Per-student funding in Kentucky is falling behind other states per a
recent report, and the news has the Kentucky Center for Economic Policy
worried about the future for economic growth.
Jason Bailey, director of KCEP, said the report from the Center on Budget and Policy Priorities has some troubling indicators.
“We could drive the gap between those who are better off in Kentucky
and those that aren’t even wider,” Bailey said. “It’s not what
education should be doing. Education should be creating an opportunity
for everyone.
“We’re getting away from publicly funded higher education and we’re becoming more like private universities.”
According to the report, Kentucky is one of three states cutting
higher education over the last two years, and the state also has the
highest funding cut per student in the nation.
With a 3.9 percent increase in tuition in 2015, Kentucky joins five states for the highest increase in costs since last year.

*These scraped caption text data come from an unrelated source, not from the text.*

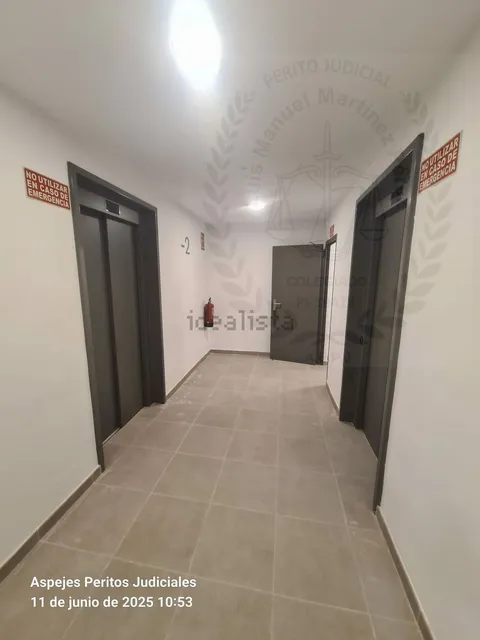 Pis de 97 m² a Madrid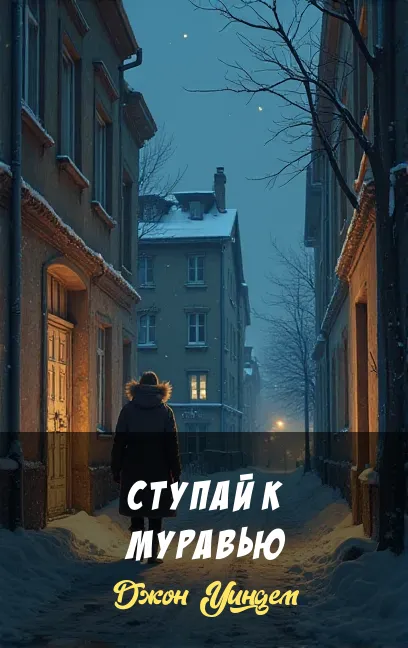 Ступай к муравью Джон Уиндем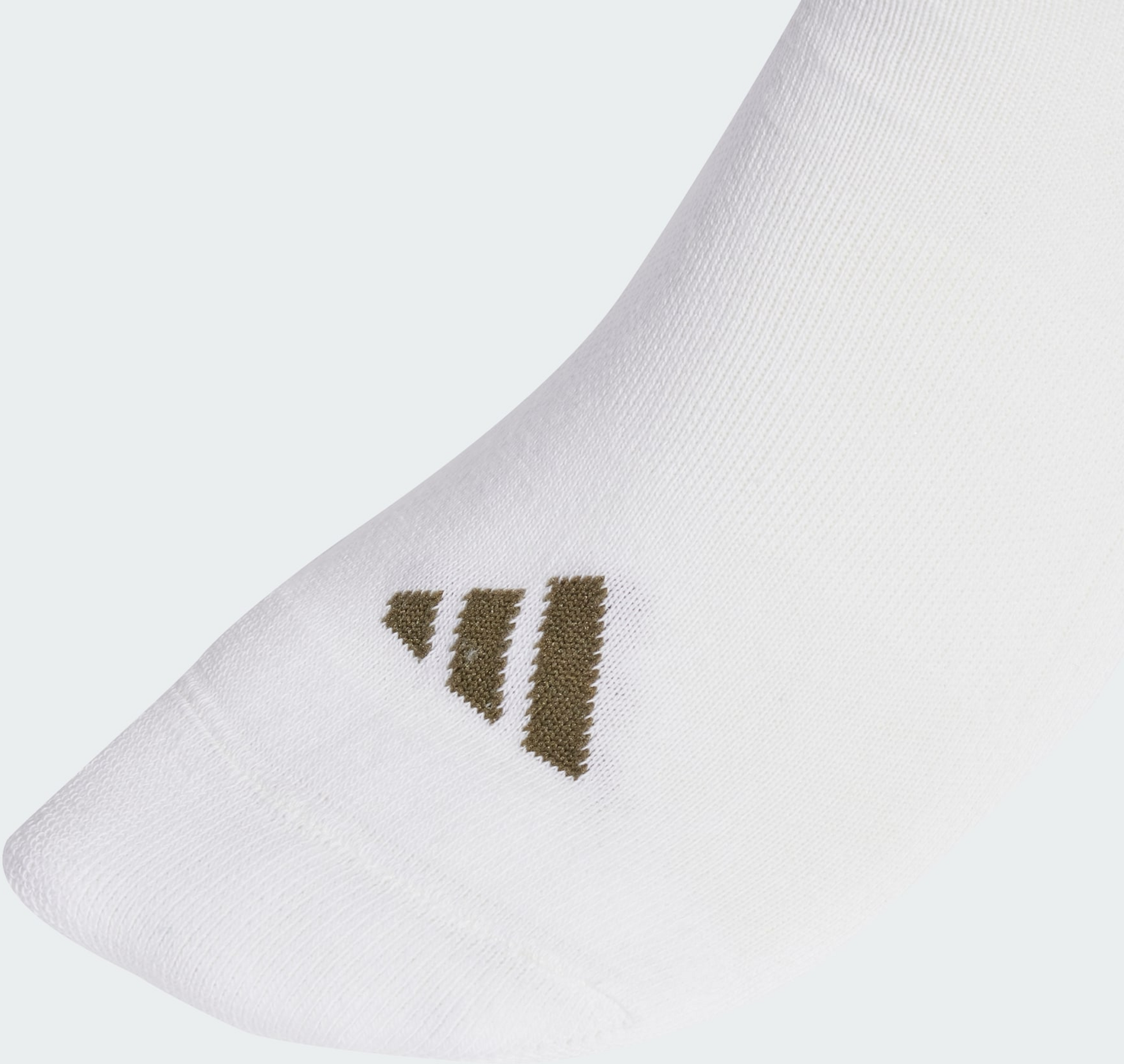 ADIDAS, Adidas Logo Strumpor 3-pack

Bailey, who runs the progressive think tank, said the funding woes are part of a long-term trend in the state.
“If you look back from 1998 tuition has tripled in Kentucky,” Bailey said.
With little left to cut in the state budget, Bailey said the state needs to look to the revenue side to find resources.

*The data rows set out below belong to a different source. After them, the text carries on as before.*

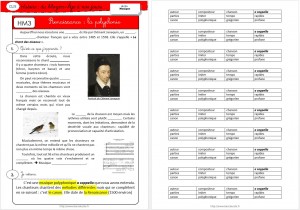 Cours de chant pdf to word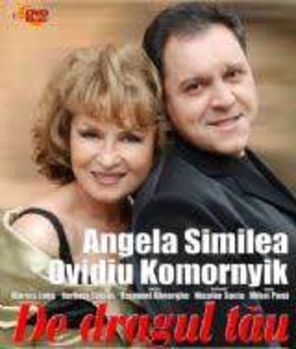 Angela Similea si Ovidiu Komornyik canta `De dragul tau`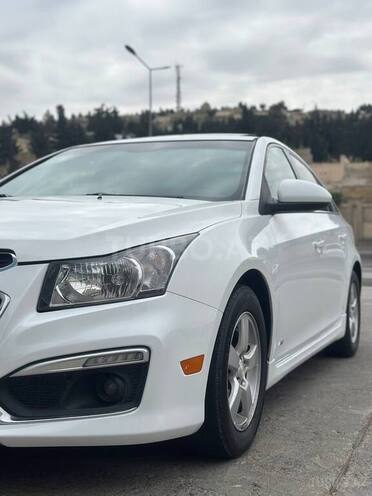 Chevrolet Cruze 2015, 118,209 km - 1.4 л - Bakı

Bailey was one member of the nearly two-dozen Kentuckians on former
Lt. Gov. Jerry Abramson’s blue ribbon tax reform commission, and he said
the state should go return to the topic as a possible funding solution.
“We have a structural problem with our tax system in Kentucky where
revenues don’t keep up with growth in the economy, and that creates a
growing gap between the resources we have to pay for things like
education and the resources we need to even sustain what we already
have,” he said. “We have to look at our revenue stream.”